Sarkozy and Merkel “confirmed their support for Italy, saying that they are aware that the collapse of Italy would inevitably lead to the end of the euro,” Monti told ministers at a Cabinet meeting in Rome today, according to an e-mailed statement. That “would provoke a stalemate in the process of European integration with unpredictable consequences.”
Italy’ will test markets again next week when it seeks to raise as much as 8.8 billion euros selling four different bonds, including a 10-year, on Nov. 28 and Nov. 29.
The soaring borrowing costs won’t have a lasting impact on Italy’s debt even as the Treasury prepares to sell 440 billion euros of bonds and bills next year, Maria Cannata, director of public debt at the Treasury, said on Nov. 16.

Debt Peaking

The amount “sounds prohibitive, but it’s not, even if things have gotten more complicated as investors are frightened by the volatility,” Cannata said at a conference in Milan. Italy’s first bond redemption comes on Feb. 1, when it must pay back 26 billion euros for debt sold 10 years ago.

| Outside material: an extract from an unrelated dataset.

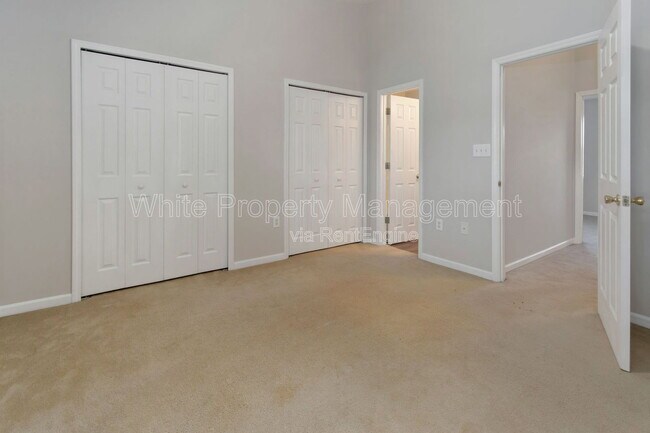 Building Photo - 12311 Bluestem Ln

Unlike Greece, Ireland and Portugal, Italy’s budget deficit is under control and the country already has a primary surplus, meaning that a debt of about 120 percent of gross domestic product should start falling from next year. Italy’s outstanding debt has an average maturity of more than seven years and more than 75 percent of it is in longer-dated maturities, Gustavo Bagattini, European economist at RBC Capital Markets in London, wrote in a report on Nov. 17.
The “relatively long-term nature” of Italian debt “makes it very resilient to interest-rate shocks in the short term,” Bagattini said in a report published yesterday. “From a pure fiscal sustainability point of view, the message is clear that even 10-year borrowing costs of 8 percent, although undesirable, would not send Italian debt spiraling out of control.”